Der Wohnungsverband legt eine Studie vor – und verlangt mehr Neubau. Der Bausenator sieht auch private Bauherren in der Pflicht.

Mieter, die in einer Wohnung leben, die von einem der Mitglieder des Verbandes Berlin-Brandenburgischer Wohnungsunternehmen (BBU) bewirtschaftet wird, können sich glücklich schätzen. Die Schere zwischen den Mietpreisen in den BBU-Beständen und den sogenannten Marktmieten hat sich im vergangenen Jahr weiter geöffnet. So müssen beim Abschluss eines neuen Mietvertrages 30 Prozent weniger gezahlt werden, als etwa für die im Internet bei den Immobilienportalen angebotenen Wohnungen. Dennoch haben sich auch die eher preisgünstigen Wohnungen der im BBU vertretenen Landesunternehmen und Genossenschaften im vergangenen Jahr weiter verteuert. Das geht aus dem Marktmonitor hervor, den der BBU am Donnerstag vorgelegt hat.

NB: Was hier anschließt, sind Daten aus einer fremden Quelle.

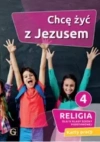 Katechizm SP 4 Chcę żyć z Jezusem KP - zdjęcie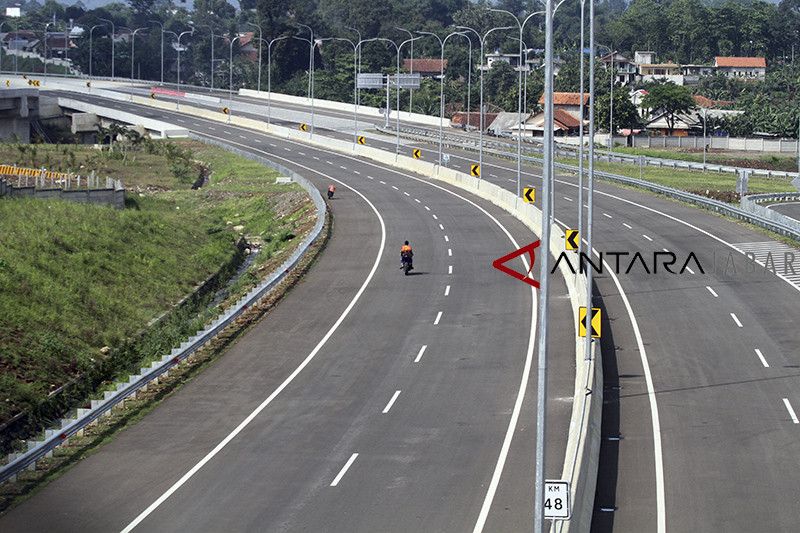 Tol Bocimi diresmikan, Pemkab Sukabumi terimakasih kepada Presiden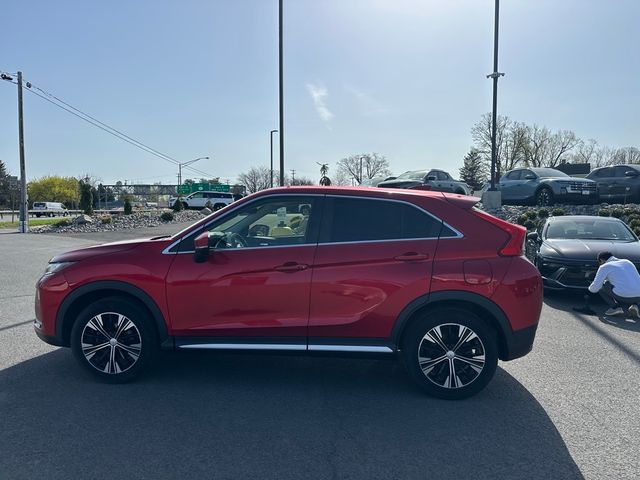 2018 Mitsubishi Eclipse Cross SEL
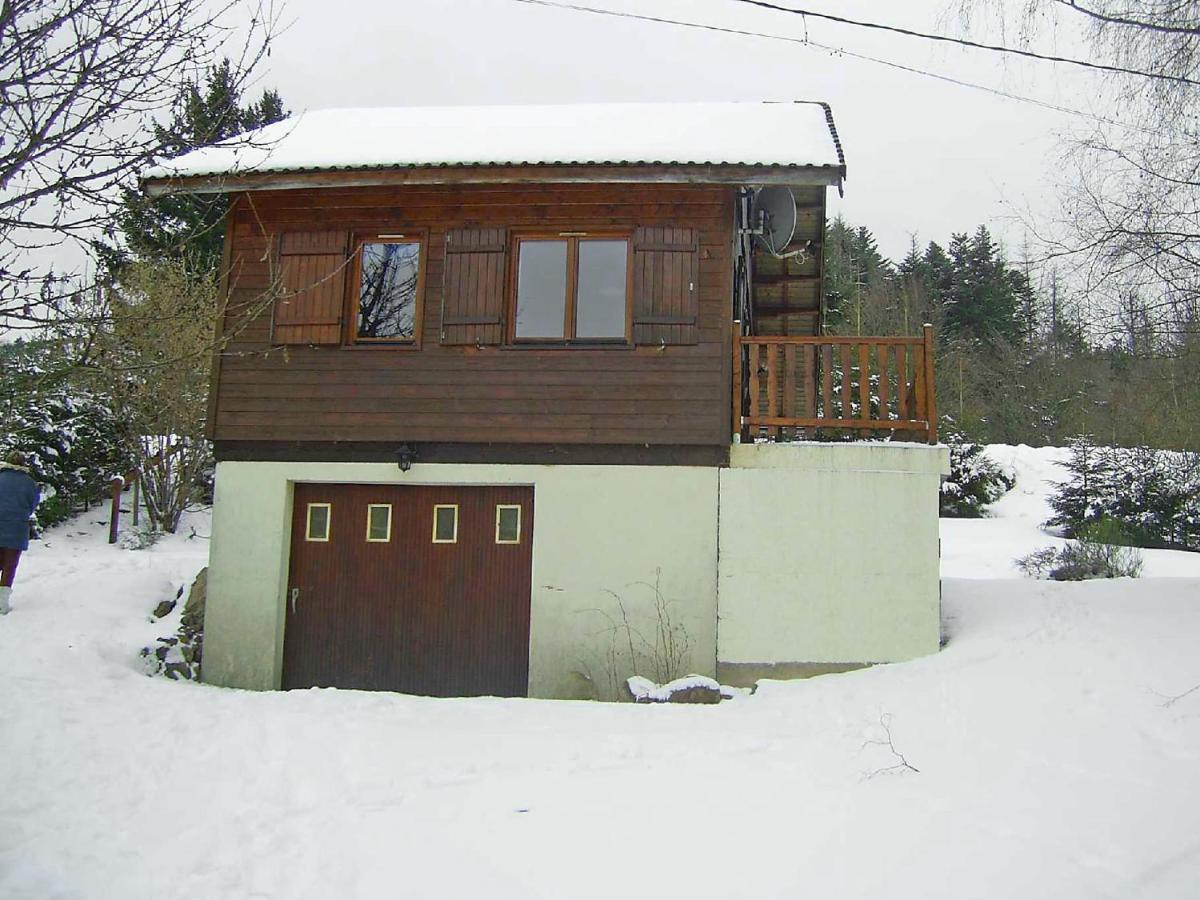 Chalet Gerbepal By Interhome Екстер'єр фото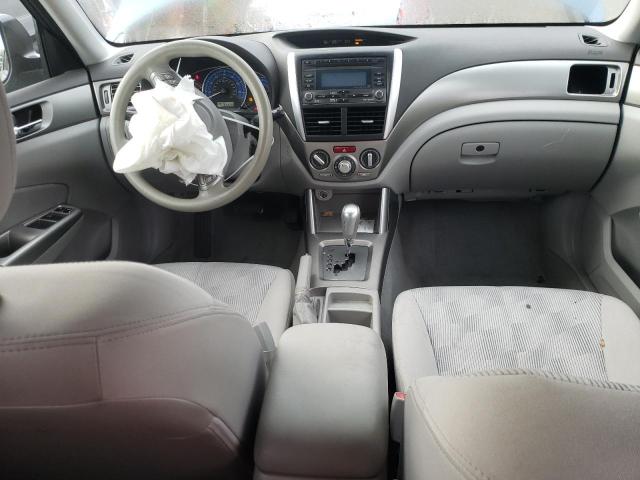 Photo 8 from auction – 2009 SUBARU FORESTER 2 with VIN JF2SH63679H778428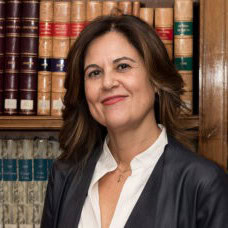 Yolanda Aguilar Olivares, Experta asociada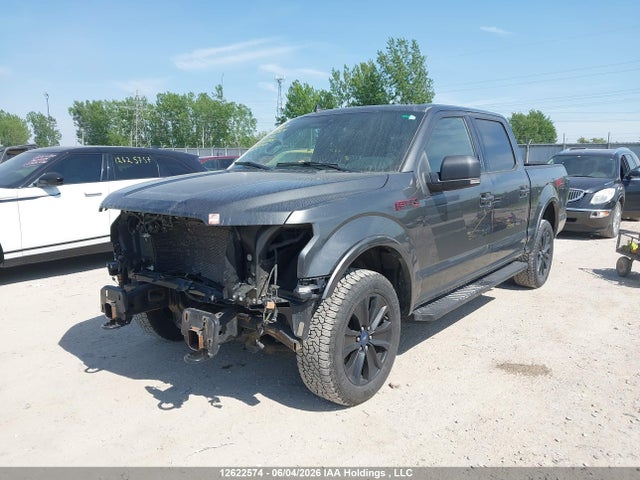 Ford F-150 2019 1FTEW1E52KFD05904 Image 2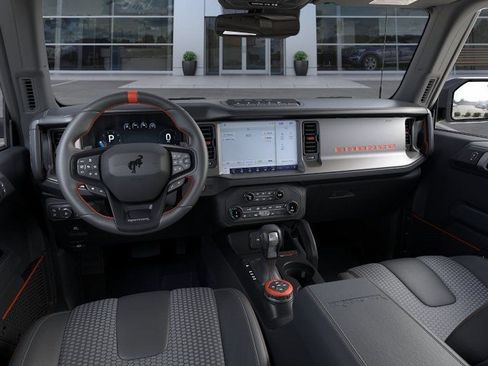 New 2025 Ford Bronco Raptor AWD/4WD image 10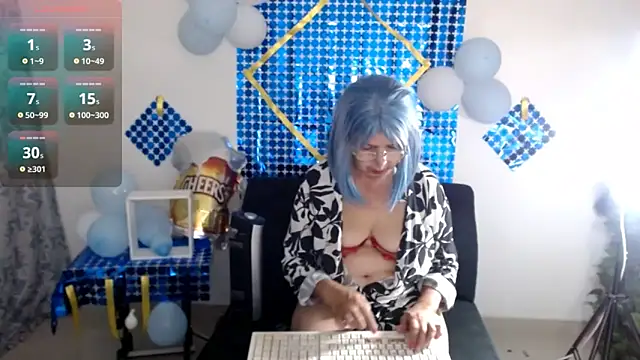 ruth blue21 online show from 09/24/25, 12:51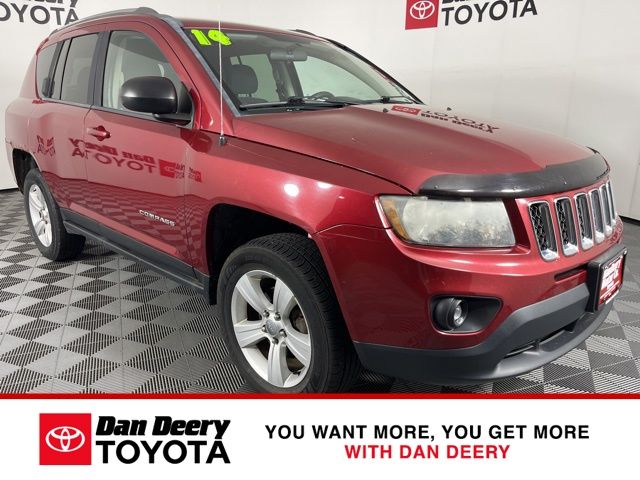 2014 Jeep Compass Sport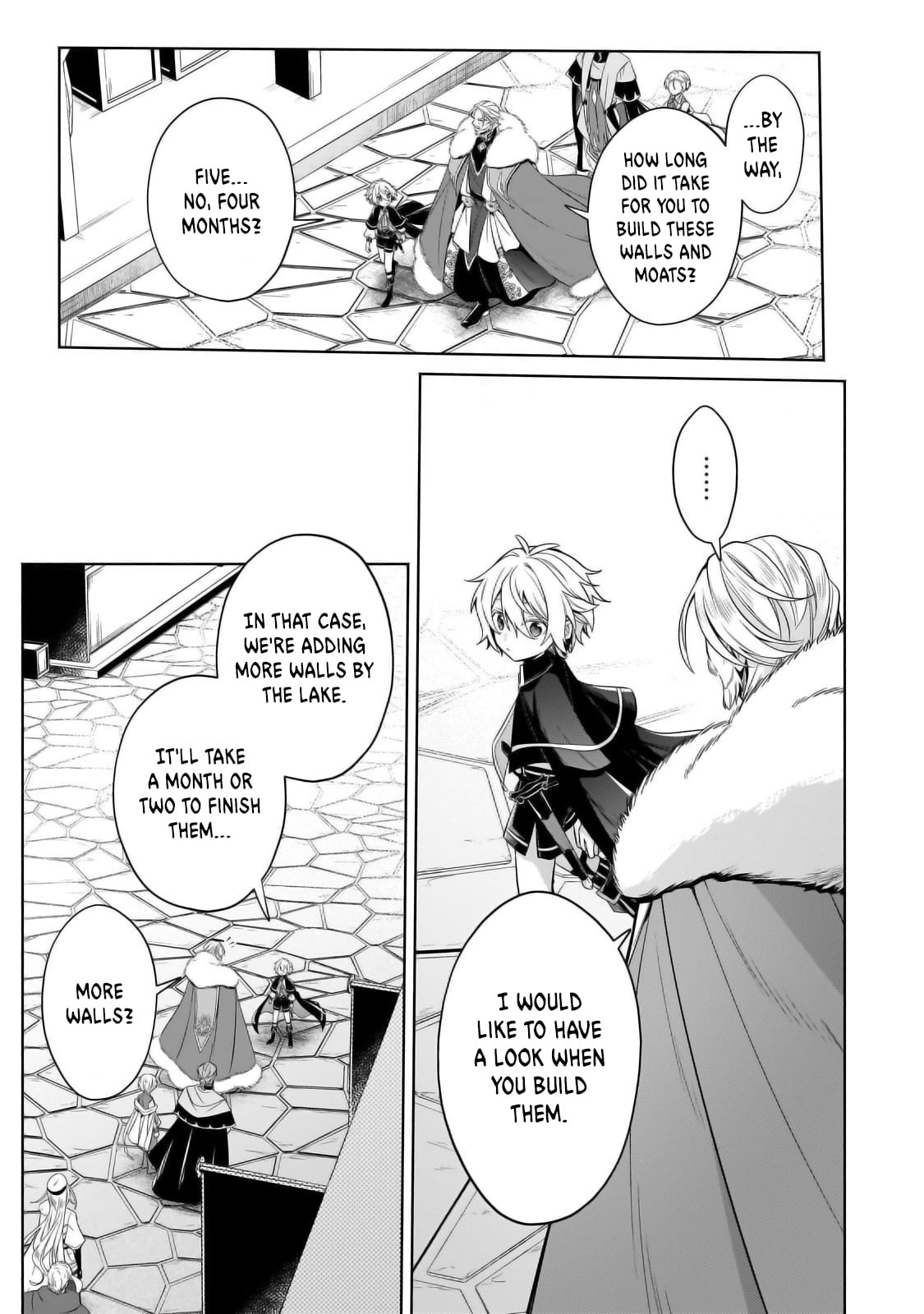 Read Fun Territory Defense by the Optimistic Lord Manga Online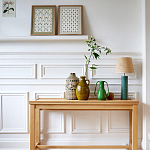 Ваза керамическая Brighter than the Stars зеленая варинант исполнения - 3 | Loft Concept в Перми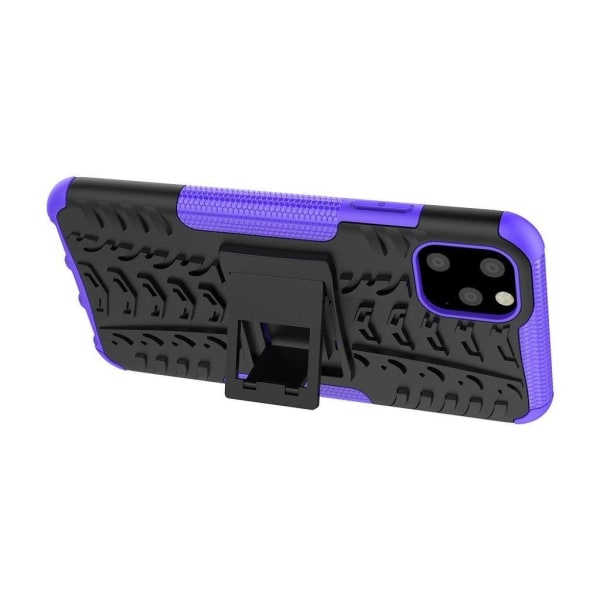 Offroad iPhone 11 Pro Max skal - Svart Svart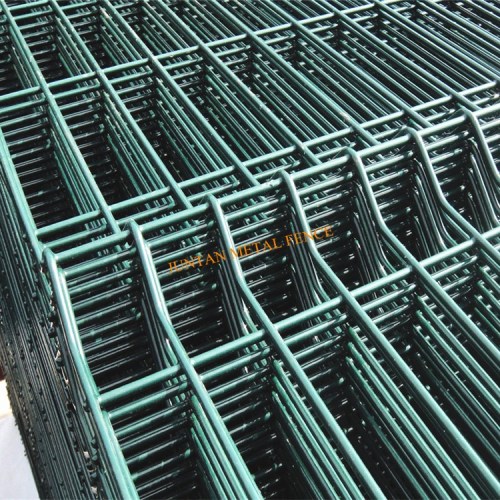 3x3 galvanized welded wire mesh panel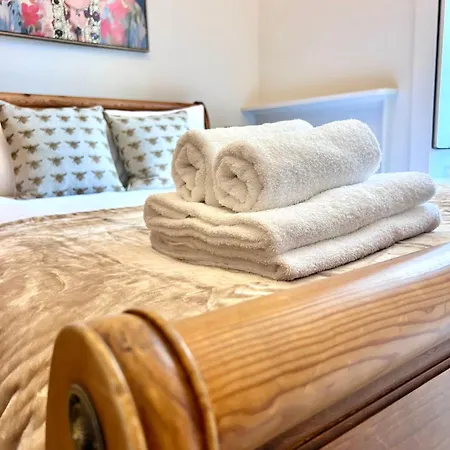 דירה Heart Of The - 3 Bedroom Oasis אדינבורו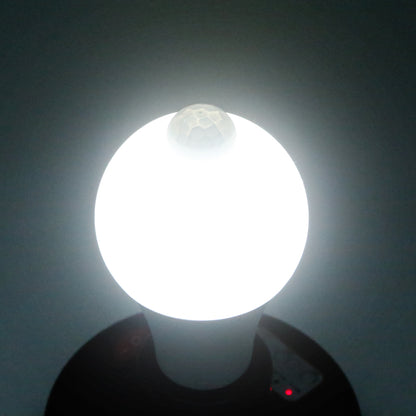 12W E27 PIR Motion Sensor Dusk to Dawn LED Bulb by HitMyNeed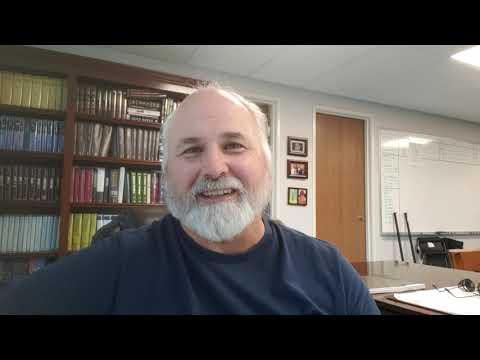 11/25/20 A word from the word  - 1 Corinthians 11:17-33, part 2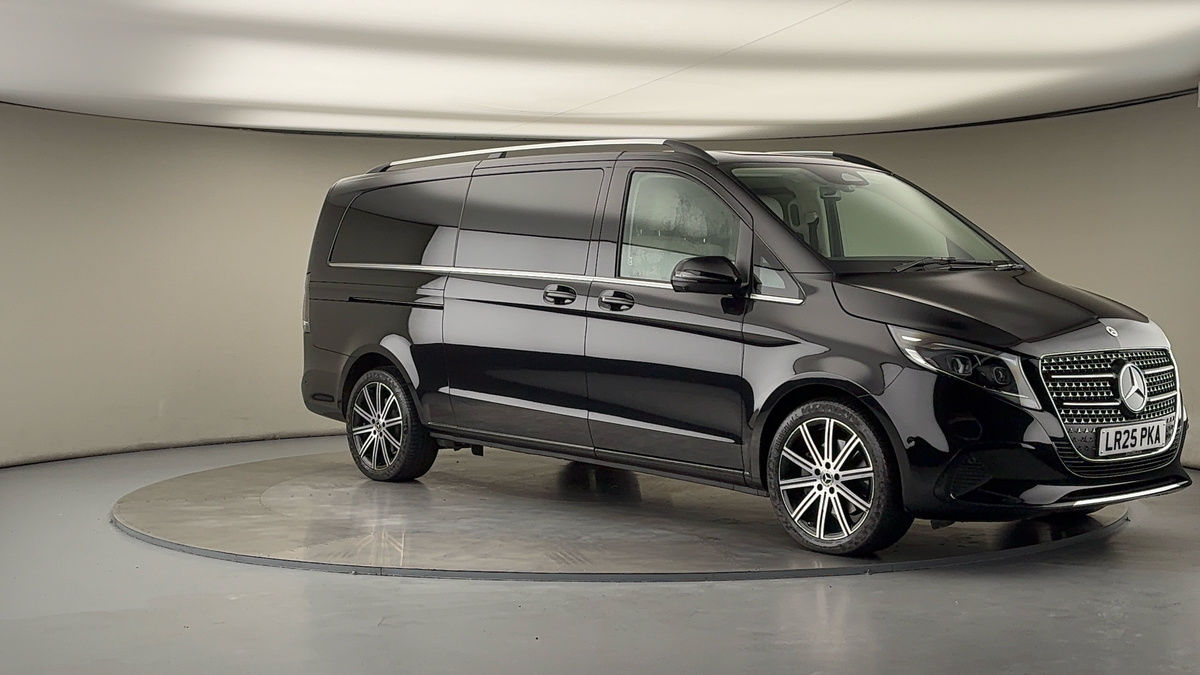 More views of Mercedes-Benz V Class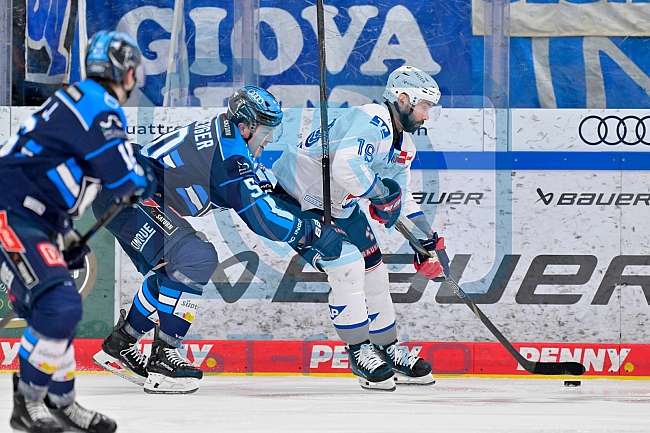 Eishockey, Herren, DEL, Saison 2025-2026, Spiel 50, ERC Ingolstadt - Adler Mannheim, 08.03.2026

Preise in Marzahn-Hellersdorf und Reinickendorf ziehen an

Deutlich wird in der Studie auch, dass sich das Mietniveau berlinweit angleicht und der bislang deutlich preisgünstigere Stadtrand bei den Preisen langsam nachzieht. Marzahn-Hellersdorf und Reinickendorf – die günstigsten Bezirke – hatten 2014 nach Mitte die stärksten Mietsteigerungen. Wer einen neuen Vertrag abschloss, zahlte jeweils 6,6 Prozent mehr Kaltmiete als im Vorjahr, 6,12 Euro je Quadratmeter in Reinickendorf und 5,65 Euro in Marzahn-Hellersdorf. Verglichen mit den Angebotsmieten auf Internetportalen ist das jedoch weiterhin unschlagbar günstig: Dort wurden 2014 im Durchschnitt Kaltmieten von rund neun Euro je Quadratmeter verlangt.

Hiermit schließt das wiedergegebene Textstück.